For decorating the skulls, I gather a colorful variety of edible ingredients. If I'm going to melt the skulls onto pizza as the grand finale, I choose only ingredients that will work well on a pizza. Below are some ingredient ideas for skull decoration:

  • Red, yellow, orange and dark purple bell peppers
  • Purple cabbage
  • Carrots cut into fine strips
  • Apples and apple skins
  • Raw beet slices
  • Serrano, aneheim, jalapeño and other hot peppers
  • Black and pink peppercorns
  • Springs of thyme, marjoram, rosemary, etc.
  • Black, green and purple olives
  • Cloves, star anise, cinnamon sticks
  • Pretzel sticks
  • Almonds, cashews, sunflower seeds, pecans
  • Dried fruits such as blueberries, golden raisins, strawberries, pineapple
  • Freeze-dried fruit like these Simple & Crisp things
  • Seeds such as black sesame, poppy and chia

Step 2: Chop Up the Cheese

Determine how large you'd like your skull or skulls to be then roughly chop down the block accordingly. I found that a 12 oz. block of cheese formed nicely into two skulls--but the dimensions of the block will play a part in determining how many skulls you'll get out of it.

Step 3: Round the Edges

Once you have a rough rectangular shape (think 2 inches x 3 inches x 1 inch depth), start to carve by rounding off the corners on one side. This will become the top of the skull. Remember to save the bits and pieces which you carve away. Snack on them now or save them for a future pizza topping.

Step 4: Make a Pear Shape

Round off the other edge of the rectangle--but with a narrower neck. Your cheese block should start to look like a 2D pear.

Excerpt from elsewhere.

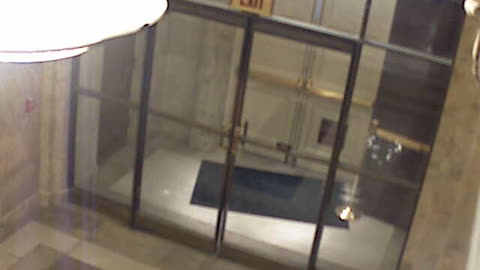 0179USCH01MemorialDoorInterior_2021-01-06_09h10min24s350ms.mp4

Step 5: Carve From the Nose Downwards

When you're happy with your 2D 'pear', move onto 3D by carving away 1/4 inch from the 'waist' of the pear towards the stem.

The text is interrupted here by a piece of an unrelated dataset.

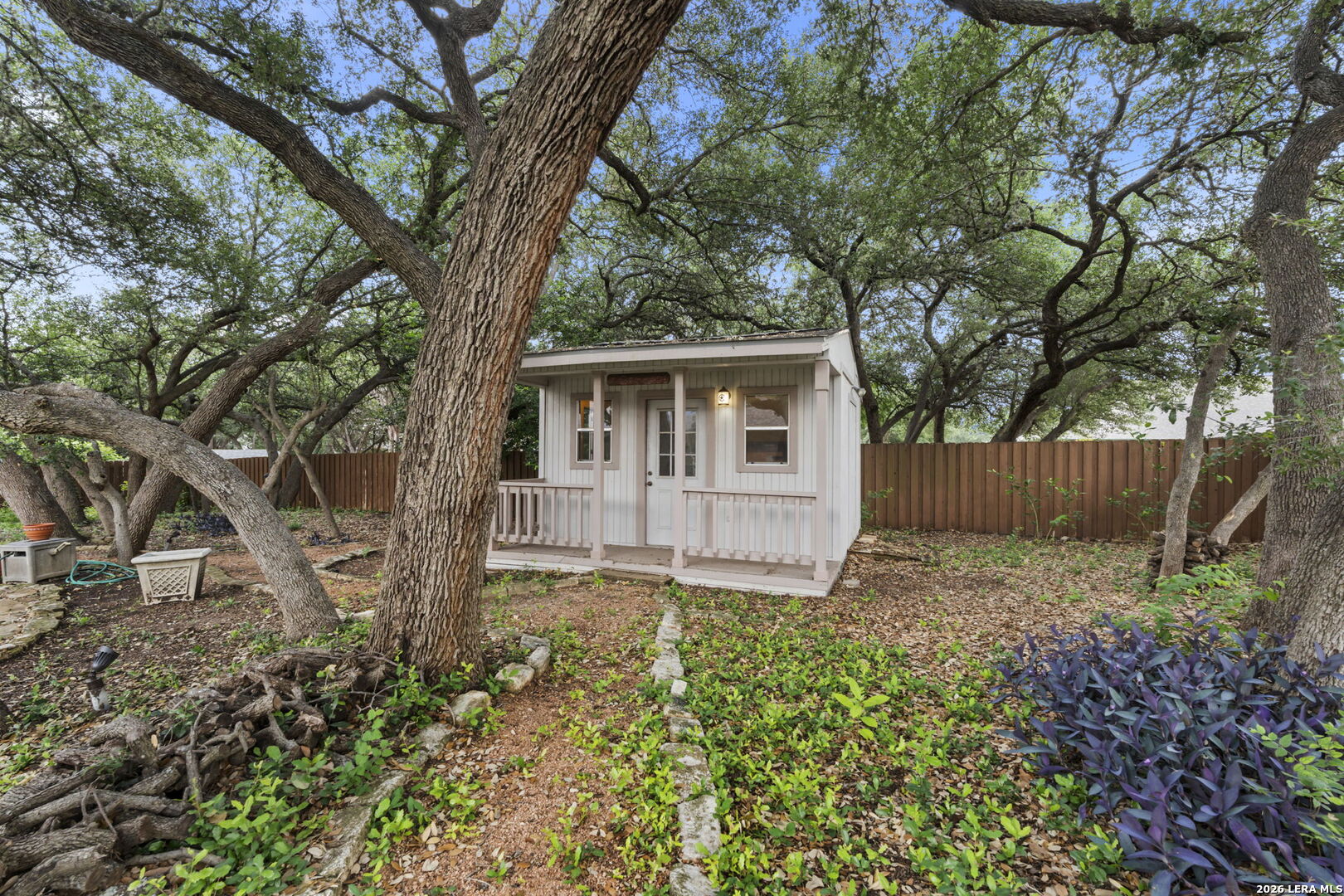 9510 Maytum Cir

Step 6: Shape Nose Area / Add Cheek Bones

Make a v-shaped cut (v points towards top of skull) near the middle of the skull (where you just carved away the 1/4 inch of cheese) and carve about 1/4 inch deep. Start to round out the bottom of what is now becoming the cheek hones. Above the cheek bone area, remove a bit of cheese to form the temples.

Step 7: Add Eye Sockets

Using a very small melon baller or another carving tool, form the eye sockets. These sockets can go fairly deep into the head (to look realistic and to make space for whatever topping you want to stuff in them). The sockets should be relatively large and should sit above the check bone, between and or even a tad below the temples.

Step 8: Oil the Skull

Since medium-soft cheese will dry out with exposure to air, it is important to regularly moisten the skull you are carving with a bit of oil. I used olive oil but any vegetable oil or shortening will work.

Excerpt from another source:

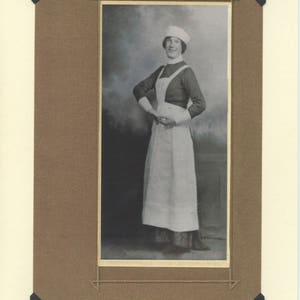 Oh, Krankenschwester: Vintage LGBTQ + Karte - Homosexuell bekommen gut Karte, Vintage männliche Krankenschwester Foto, alte Krankenschwester Uniform, Vintage Crossdressing, Pflege Graduierung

Step 9: Store Skull in Baggie

While you are finishing up each of your skull carvings, store finished (but not yet decorated pieces) in an air-tight container or baggie. This will keep the skulls from cracking before you've finished.

Step 10: Prep the Decorations

Go through your decorative ingredients and get them ready. Here are some examples:

  • Make thin slices of pepper skin, removing the bulky inside flesh
  • Break cinnamon bark into spears
  • Slice olives in half
  • Make feathery accessories out of apple skins
  • Break pieces of dried mushrooms into mustache shapes

Step 11: Fill in the Faces

Let each skull will take on its own personality. Roll with it! If your cheese skull honors a particular deceased relative, try and remember a distinct facial characteristic--such as reading glasses, a side part or bushy eyebrows. Or honor a deceased relative by decorating a skulls with that person's very favorite flavors.

Step 12: Honor at an Altar or Table

Now that you've made cheese skulls, place them at an altar (could be a private home altar or a community altar). Add to the altar other objects that were meaningful to your deceased. Decorate the altar with flowers, candles, incense, sweets and liquor.

Alternatively (or later on) you could also consume the cheese skulls by setting them in the middle of a homemade pizza and allowing all the decorations (if you've used pizza-specific decorations) to melt into a scrumptious gooey mess.